The incidence of an indirect tax like RGST ultimately falls on the consumers, 70 per cent of whom, mostly being poor, will be deprived of a comparatively much bigger chunk of their disposable incomes unlike the other 30 per cent rich with deep pockets.
Even those opinion makers who have rallied in favour of RGST seem to be supporting its objectives and not the extortion which underlies this mode of taxation.

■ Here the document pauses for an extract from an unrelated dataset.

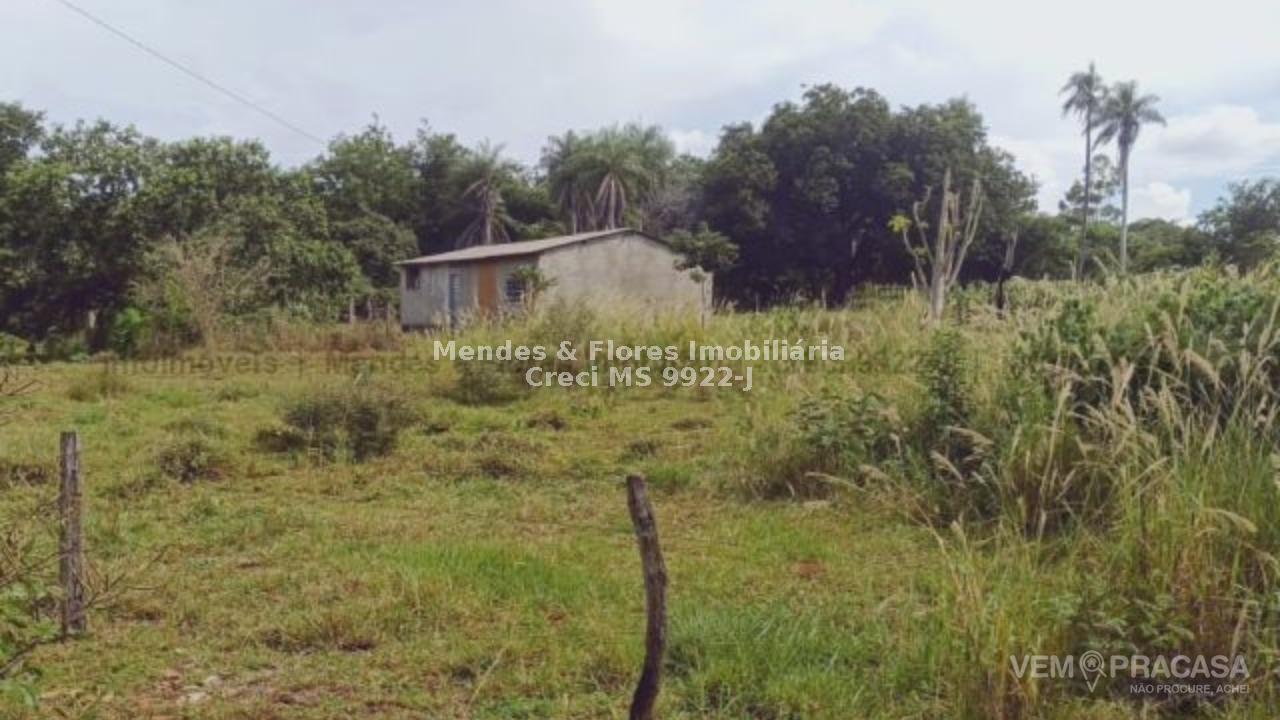 Chácara à venda no Zona Rural, Terenos – foto 23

The objectives of documentation of economy and a raise in the tax-to-GDP ratio have mesmerised those who have not studied deeper to appreciate the heavy cost which the 70 per cent poor consumers will pay. Such supporters of RGST do not seem to have explored the better options which could realise the same objectives in a fairer and judicious manner. The present GST was enforced in 1990. It could not bring documentation of the economy to a desired level. Neither could it raise tax-to-GDP ratio. The GST failed in these objectives not because of the exemptions and distortions which the FBR now intends to remove to transform it into RGST. The GST failed because business units with annual turnover up to Rs50 million were given freedom to remain undocumented and government lacked the necessary political will to roll in the GST net big retail sector even if its turnover exceeded the stipulated threshold.

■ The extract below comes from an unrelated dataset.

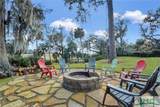 637 Rose Dhu Road - Photo 37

The raise in exemption threshold from Rs5 million to Rs7.5 million in the RGST Bill will ensure that even bigger part of the economy remains undocumented. This will encourage bigger traders to split their business and evade the tax net. So much incentive to remain smaller and out of documented economy and part of black economy.

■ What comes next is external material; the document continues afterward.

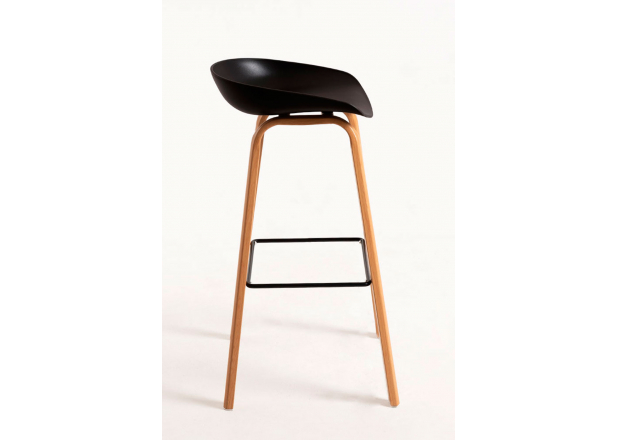 Tolbi Stool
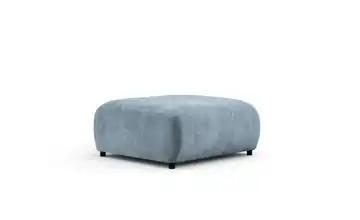  Hocker  Zanzibar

Precisely this was the cause that hindered the GST from achieving the desired level of documentation in the economy which has now been incorporated in a worse form in the RGST Bill. Some estimates indicate more than 600,000 existing registered sales taxpayers would get out of the net because of higher threshold. For the documentation and for raising tax-to-GDP ratio, it would have been a better option to lower RGST rate to around five per cent, as in many developed countries, and to eliminate the exemption threshold altogether. It should not be expected of the business units exempted from RGST because of their turnover threshold to sell 15 per cent cheaper. Such units will keep their prices near those charged by RGST registered units (the exemption will not be used to pass on the benefit to the consumer) to inflate their own profit margins.